160 Ky. 397 | Ky. Ct. App. | 1914
Opinion of the Court by
Reversing.
The appellee, Young, sued the appellant coal company to recover $2,000 damages alleged to have been received, while in its employ, by the falling of a piece of slate from the roof of an entry in appellant’s mine. The slate fell upon his- thumb and cut it off. The negligent cause is alleged to be appellant’s lack of care in maintenance of its mine, entry and haulroad, so that the same were permitted to. become dangerous and unsafe.
The jury returned a verdict in appellee’s favor for $650. An appeal is prosecuted and two grounds urged for reversal. The first is that the testimony fails to show any actionable negligence on the part of appellant. Appellee Young had been assigned to work on a pillar of coal abutting this entry , and had not been there more than 30 minutes. He had not removed any coal and no act of his could have occasioned the fall of slate. It fell from the roof of the entry directly over him, and it is not disputed that it was appellant’s duty to maintain and keep in a reasonably safe condition this entry. Under the doctrine of res ipsa loquitur the court properly submitted the question of negligence to the jury.

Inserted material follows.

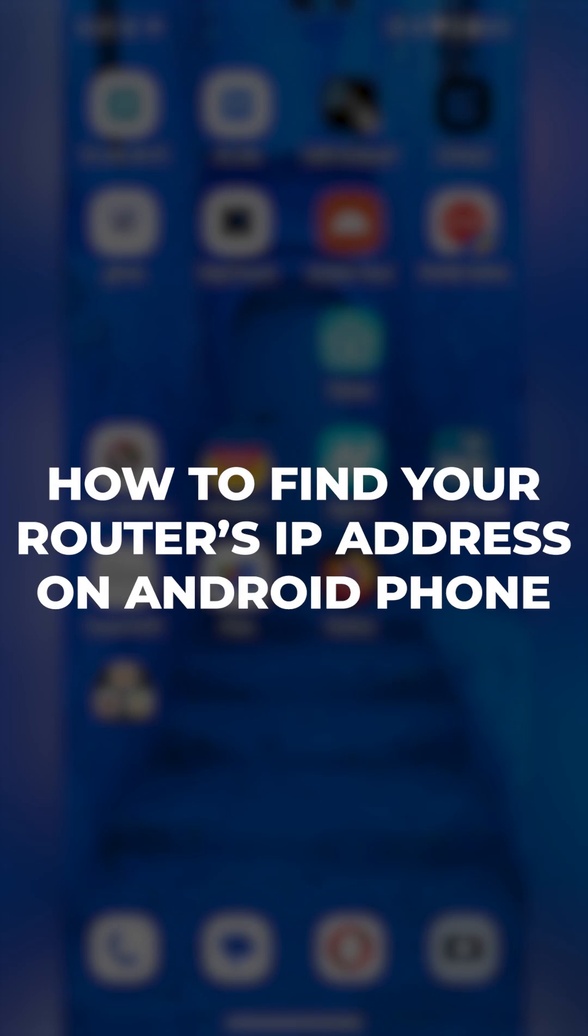Hello everyone! Now I'll show you how to find the IP address on your Android phone that you need to access the admin panel of your router.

Plaintiff’s injury under the circumstances, and at the place stated, implied a failure to perform a recognized duty on the part of the coal company, and, therefore, established a prima facie case.
The nest ground of reversal is that the instructions authorized the jury to compensate Young for time lost,
The petition described the injury and loss for which damage is claimed in the following manner:.
“Said slate cut off the left thumb of this plaintiff, and injured his left shoulder, and caused him great mental pain and physical suffering, and partially destroyed his power to earn money, and that the injuries aforesaid are permanent in character. ’ ’
Instruction No. 3, given to the jury reads as follows:
“If your verdict is for the plaintiff Young, then you will find for him such sum in damages as you may believe from the evidence will fairly and reasonably compensate him for the pain and suffering, if any, he has endured; and for the loss of time, if any, he has suffered as the direct and proximate result of said injury; and, for the permanent and lasting impairment of his power and ability to earn money, if any, he has suffered as the direct and proximate result of the injury aforesaid, not to exceed in all, however, the sum of $2,000.00, the amount claimed in plaintiff’s petition.”
Such damages as may be presumed as naturally or necessarily resulting from the injury need not be stated with any very great particularity. If the damages be not thus implied, or the extent of them, it will be requisite for the plaintiff to state the injury specially, in order to apprise the defendant of the facts intended to be proved. See Newman on Pleading and Practice, section 345.
There is no rule of law more firmly established than that loss of time is a special damage, and if claim is made for such damage, it must be specially pleaded. Newman, supra, section 345c, illustrates the rule as follows:
“Thus if the plaintiff, who has been assaulted and wounded, seeks to recover not only the general damages for the battery, but also for the loss of his time and labor, and for the money paid out in physicians’ bills incurred during his sickness resulting from such wounds; or if a plaintiff, who has been assaulted and imprisoned by the defendant, seeks to recover damages for the continuation of his imprisonment, and the consequent loss of health, etc., he must state the facts upon which his right to special damages is based.”
This subject is elaborately discussed in the case of Blue Grass Traction Co. v. Ingles, 140 Ky., 488:
The petition fails to allege that appellee had lost any time or claimed any damage on account thereof. Notwithstanding the absence of a plea for loss of time, plaintiff was permitted, over appellant’s objection, to testify that he lost three months’ time, and in that way his loss was $50 or $60 each month, that being the average amount of his earnings; and that after he went back to work his earning power was decreased $15 or $20 per month. In view of the rule that claim for time lost must .be specially pleaded and there being no such plea, the introduction of this proof was clearly erroneous, and in view of the proven value of the time lost, in proportion to the amount of the verdict, we can not say that the error was not prejudicial.
We are referred to the case of Southern Railway, etc. v. Bowlin, 143, Ky., 268, where the suit was to recover $50,000, while the verdict was for only $650. On complaint of a similar error, the court said:
“While we are committed to the doctrine that no recovery can be had for special damages, such as loss of time, physicians’ bills, etc., unless they are specially pleaded, we conclude, from the nature and extent of appellee’s injuries and the smallness of the verdict, that the error complained of was not prejudicial to the substantial rights of the appellant.”
There was proof to show that Bowling suffered a very serious injury as the result of an explosion of dynamite. After the accident he was adjudged insane and sent to the asylum. According to the verdict of the jury at the inquest, his insanity was due to this cause. It was from the nature of such injury that the court concluded from, the smallness of the verdict that the error complained of was not prejudicial. But in the case at bar, we can not say that appellee’s injury is so out of proportion to the verdict as to conclude the error was not prejudicial.
The cause is, therefore, reversed and remanded for a new trial.